Copy each entry precisely as written, and do not carry over the pictures.
** Opening SUPPLIED INFORMATION block **
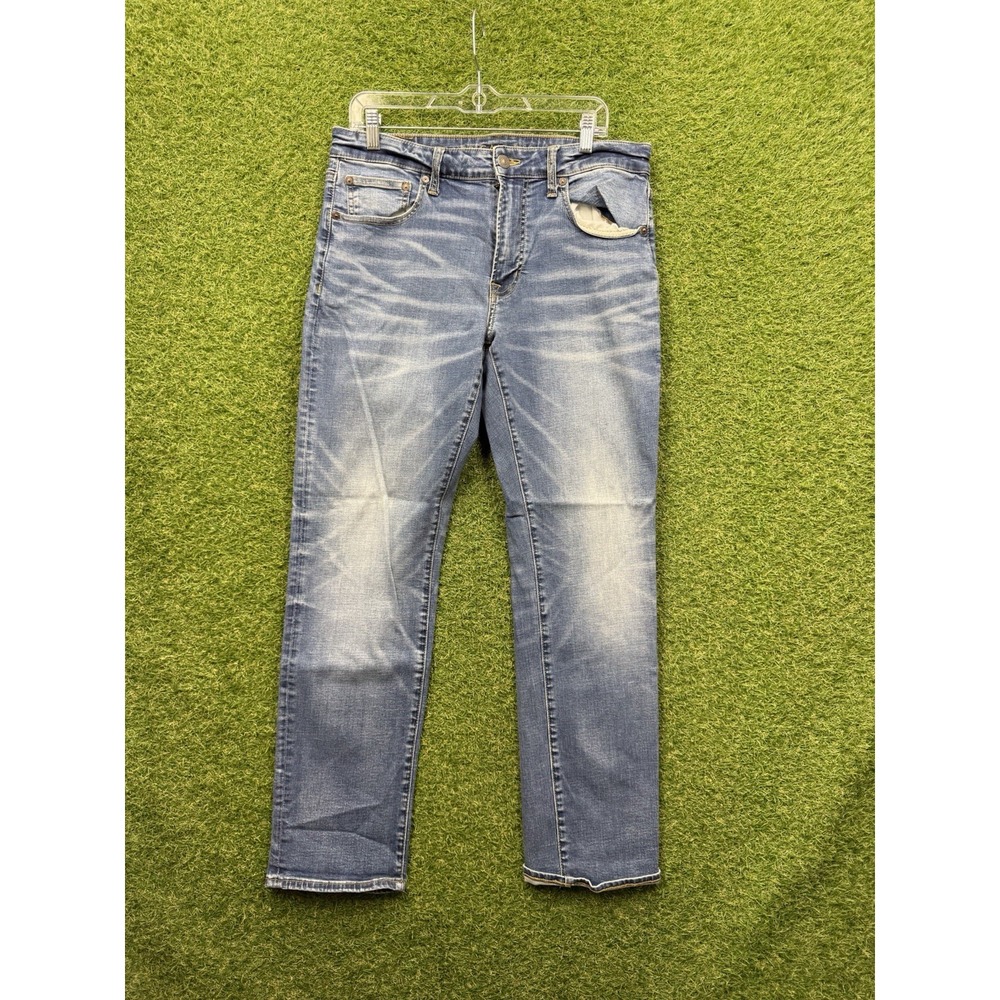 American Eagle Jeans Mens 34x32 Blue Denim Relaxed Straight Airflex + Whiskered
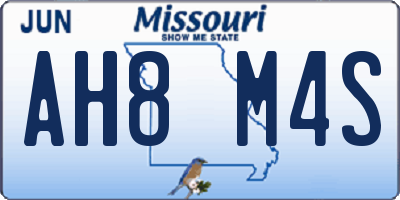 MO license plate AH8M4S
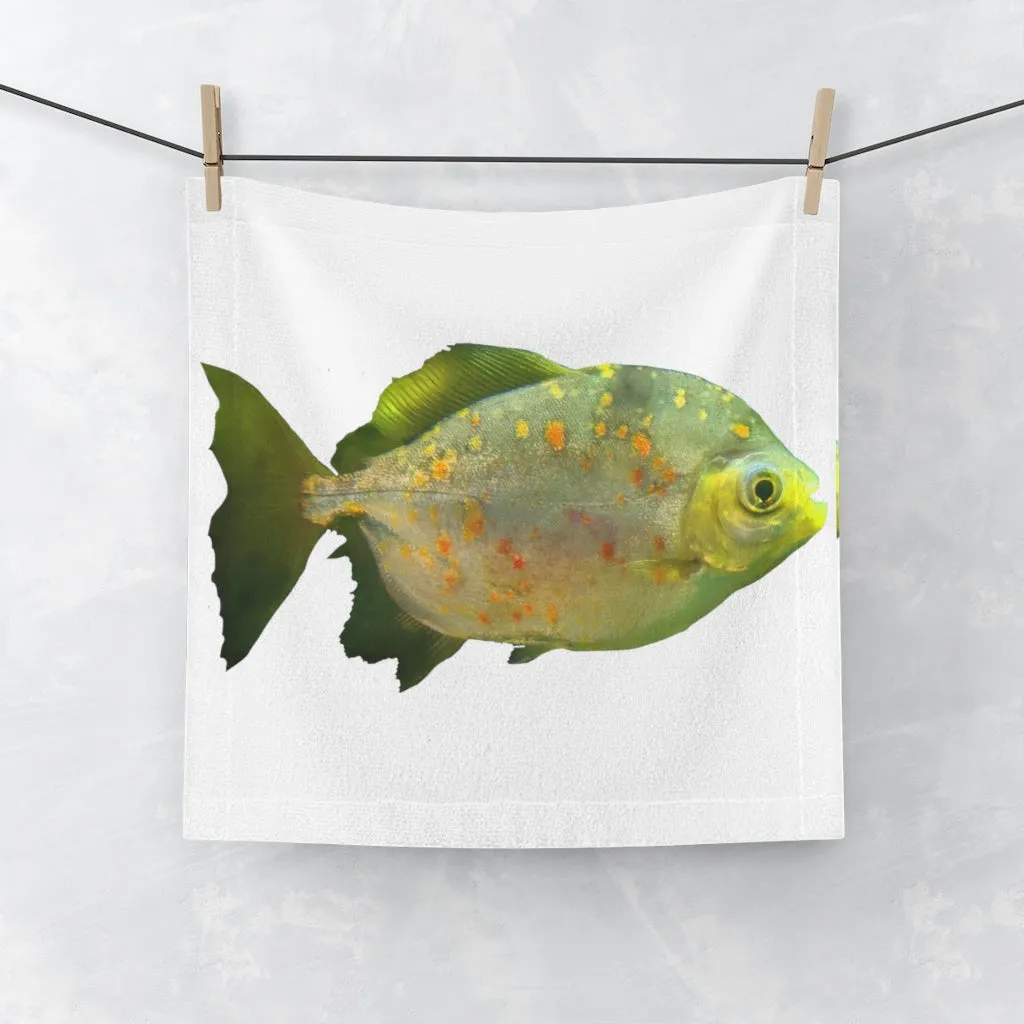 Green Fish with Specs Face Towel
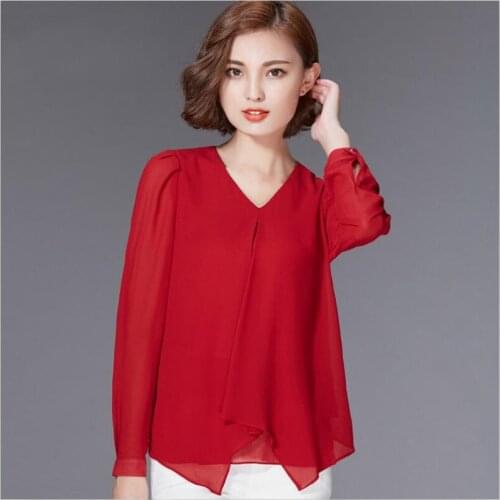 Plus Size Women Tops M-7XL Office Lady Summer Spring Chiffon Shirt Solid V-Neck Blouse Career Shirts White Pink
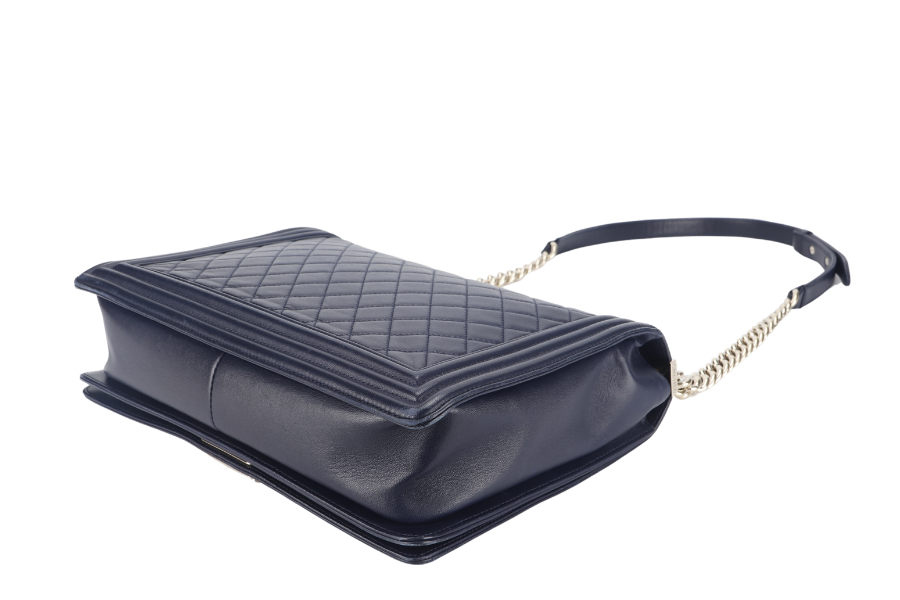 CHANEL LEBOY LARGE (2226xxxx) NAVY BLUE LAMBSKIN GOLD HARDWARE WITH DUST COVER AND BOX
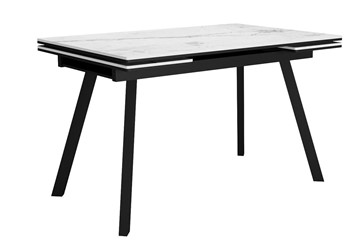 Раздвижной стол DikLine SKA125 Керамика Белый мрамор/подстолье черное/опоры черные (2 уп.) в Стерлитамаке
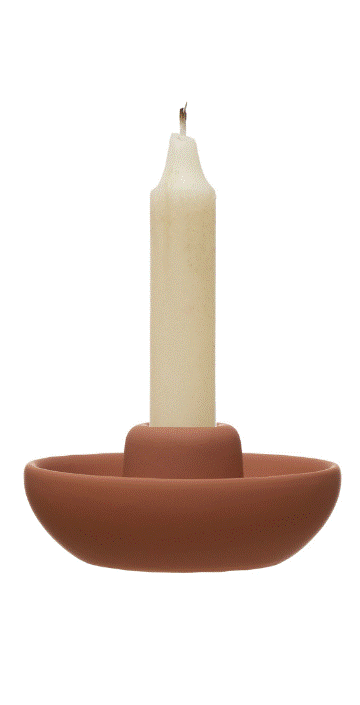 Load image into Gallery viewer, Stoneware Taper Candle Holder - Terracotta
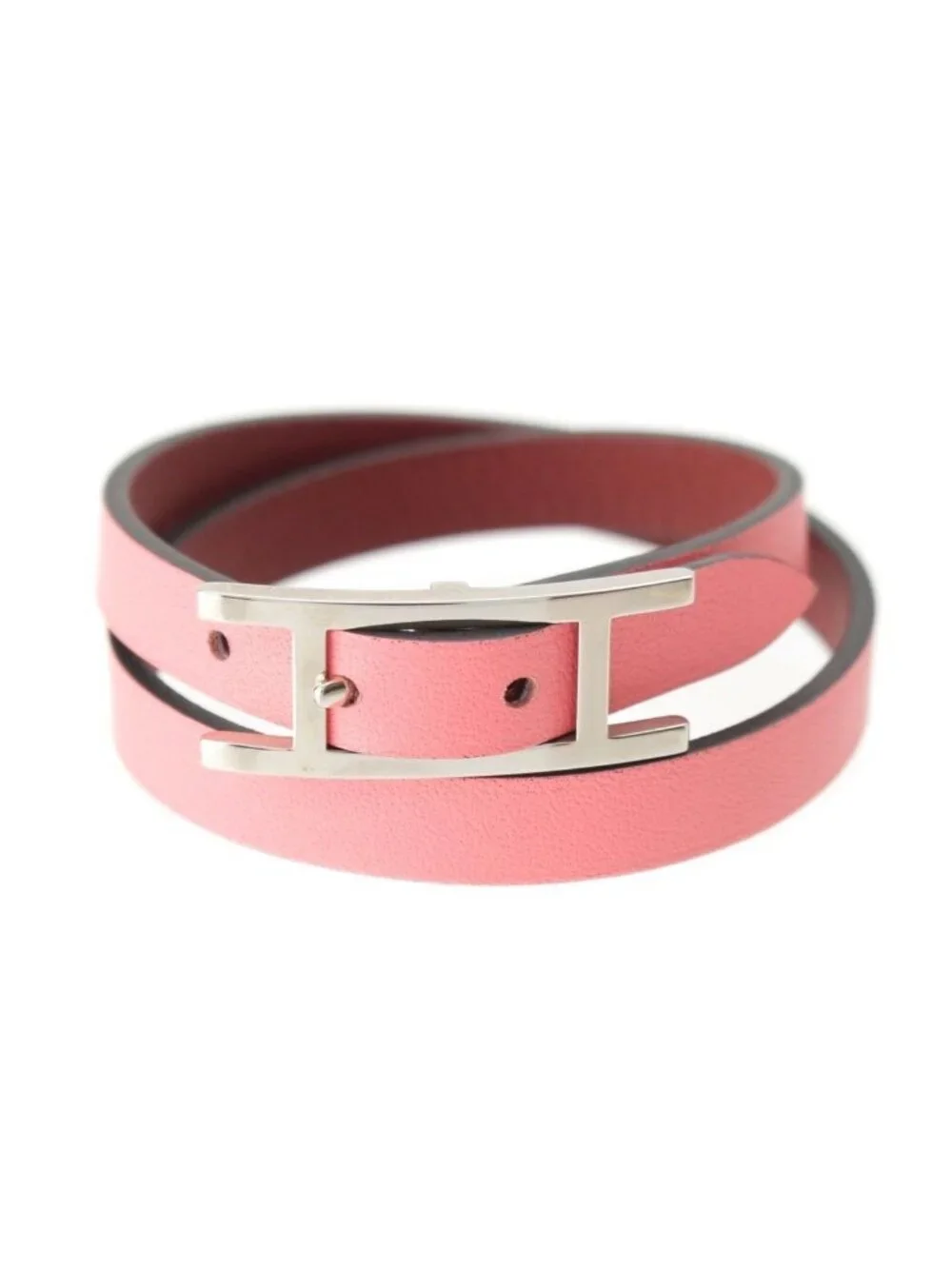Hermes Behapi Double Tour Bracelet Swift Pink Bordeaux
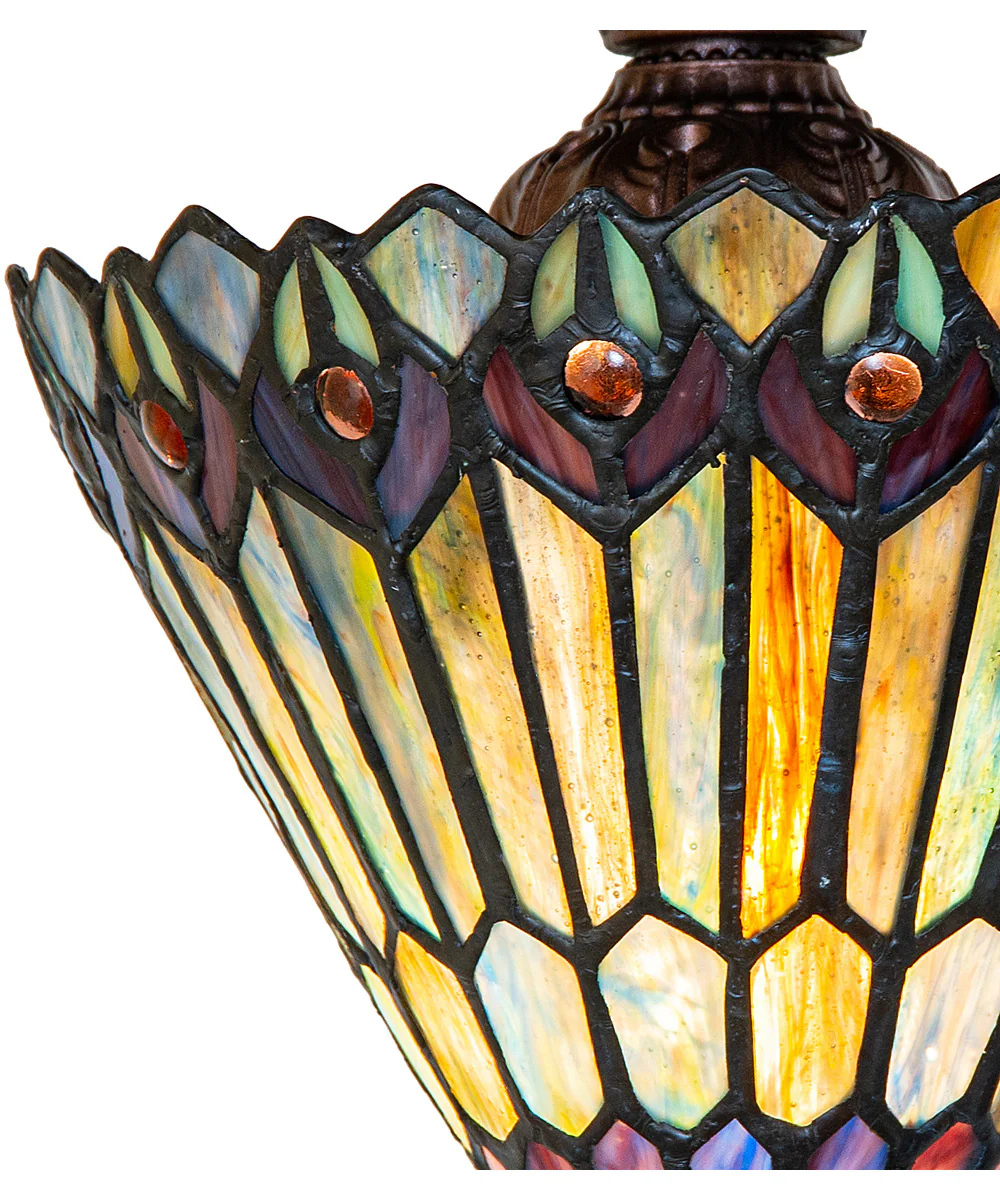 8" Wide Tiffany Jeweled Peacock Flush Mount - Image 7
** Closing SUPPLIED INFORMATION block **
-- RESPONSE BELOW --
 American Eagle Jeans Mens 34x32 Blue Denim Relaxed Straight Airflex + Whiskered
 MO license plate AH8M4S
 Green Fish with Specs Face Towel
 Plus Size Women Tops M-7XL Office Lady Summer Spring Chiffon Shirt Solid V-Neck Blouse Career Shirts White Pink
 CHANEL LEBOY LARGE (2226xxxx) NAVY BLUE LAMBSKIN GOLD HARDWARE WITH DUST COVER AND BOX
 Раздвижной стол DikLine SKA125 Керамика Белый мрамор/подстолье черное/опоры черные (2 уп.) в Стерлитамаке
 Load image into Gallery viewer, Stoneware Taper Candle Holder - Terracotta
Hermes Behapi Double Tour Bracelet Swift Pink Bordeaux
 8" Wide Tiffany Jeweled Peacock Flush Mount - Image 7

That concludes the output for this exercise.